### GOAL OF THE EXERCISE
Omitting the pictures, print every line below exactly as it stands.

◆ ◆ ◆ ◆

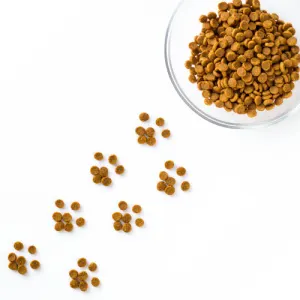 Cat Dry Food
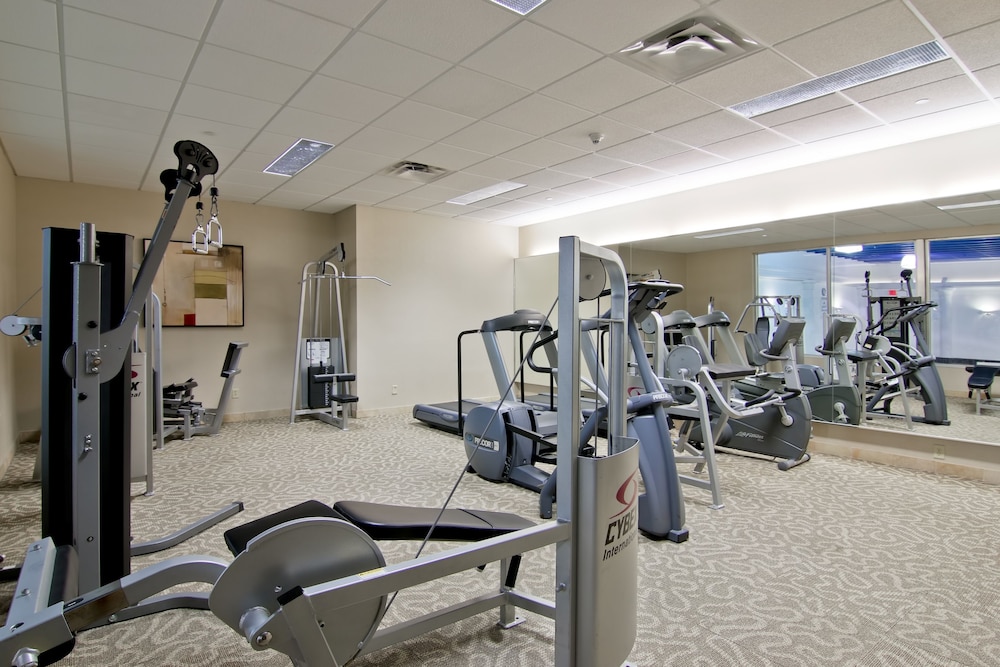 Holiday Inn Hotel Suites St Catharines Conference Ctr 33/81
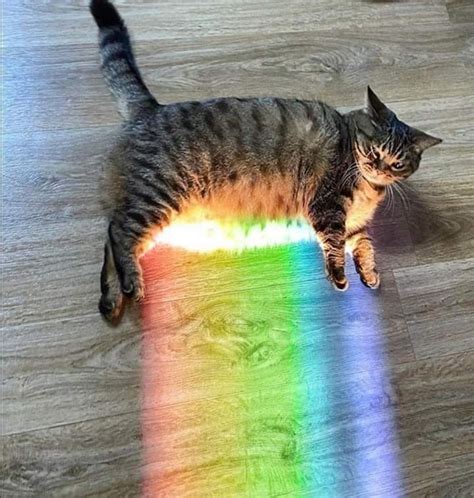 This Rainbow Cat Rrainbow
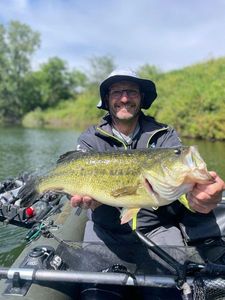 Largemouth Bass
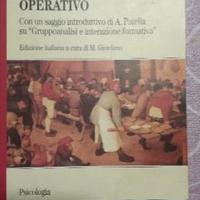 Anatomia del giudizio operativo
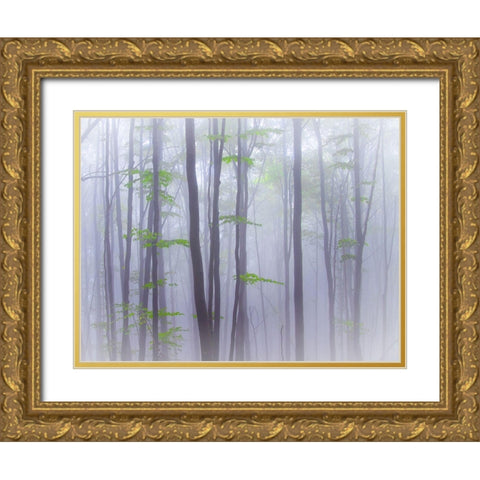 Misty Gold Ornate Wood Framed Art Print with Double Matting by Manzoni, Michel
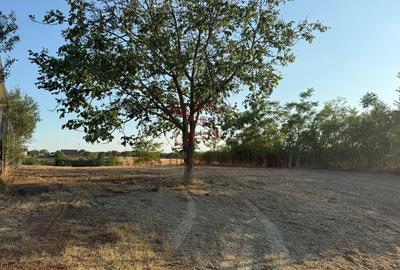 Teren Construcții intravilan de 2192 mp, în Seceani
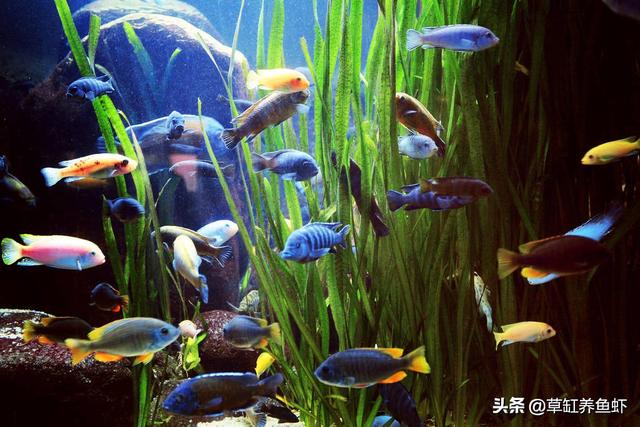 猪鼻子龟开食:热带鱼、猪鼻龟多久不喂会饿死？该怎么养？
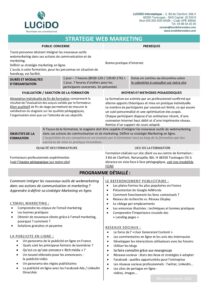 Strategie Webmarketing pdf
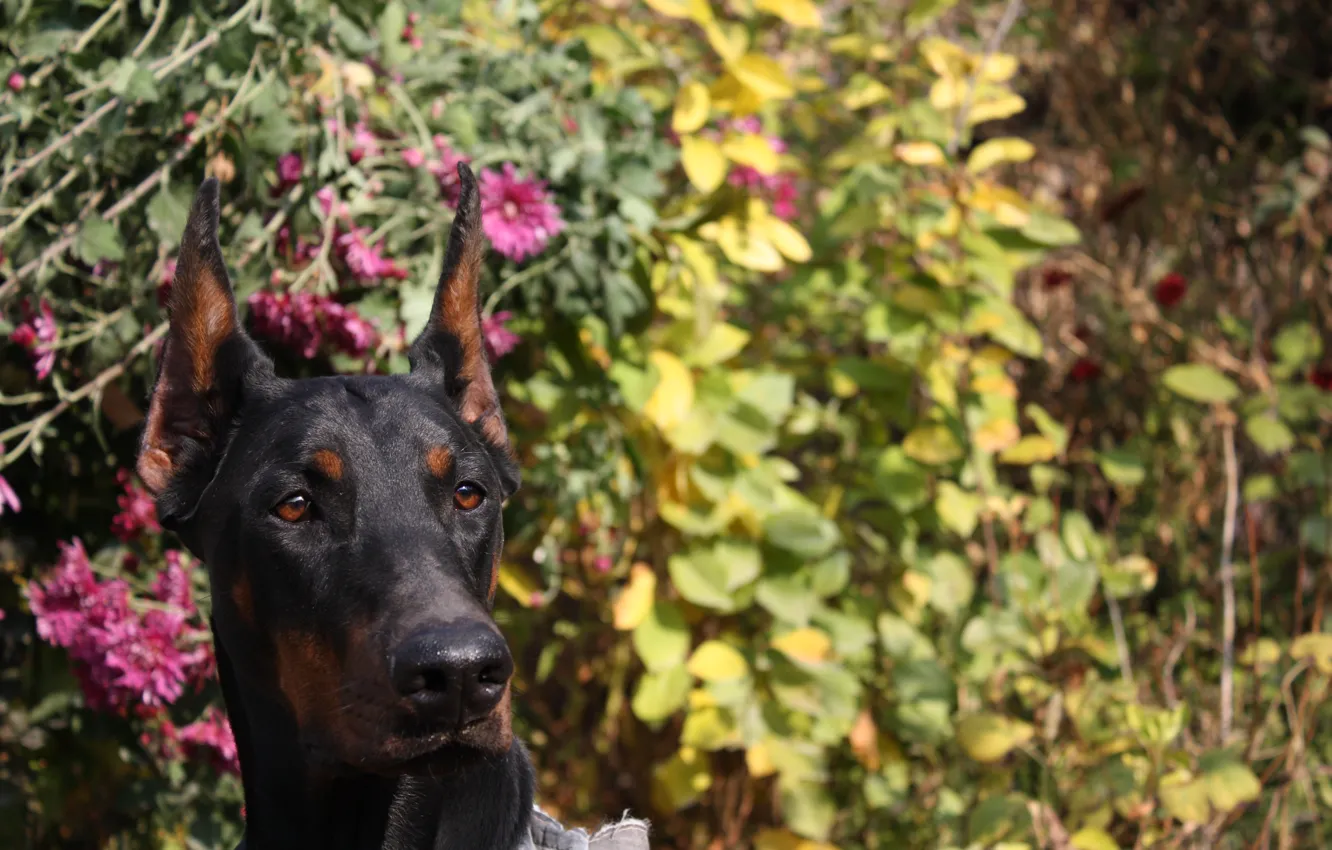 Photo wallpaper flowers, dog, dog, Doberman, Shelby Cobra iz Zoosfery, doberman, Shelby Cobra of Zoosfery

◆ ◆ ◆ ◆

### WRITTEN ANSWER
 Cat Dry Food
 Holiday Inn Hotel Suites St Catharines Conference Ctr 33/81
 This Rainbow Cat Rrainbow
 Largemouth Bass
 Anatomia del giudizio operativo
 Misty Gold Ornate Wood Framed Art Print with Double Matting by Manzoni, Michel
 Teren Construcții intravilan de 2192 mp, în Seceani
 猪鼻子龟开食:热带鱼、猪鼻龟多久不喂会饿死？该怎么养？
 Strategie Webmarketing pdf
 Photo wallpaper flowers, dog, dog, Doberman, Shelby Cobra iz Zoosfery, doberman, Shelby Cobra of Zoosfery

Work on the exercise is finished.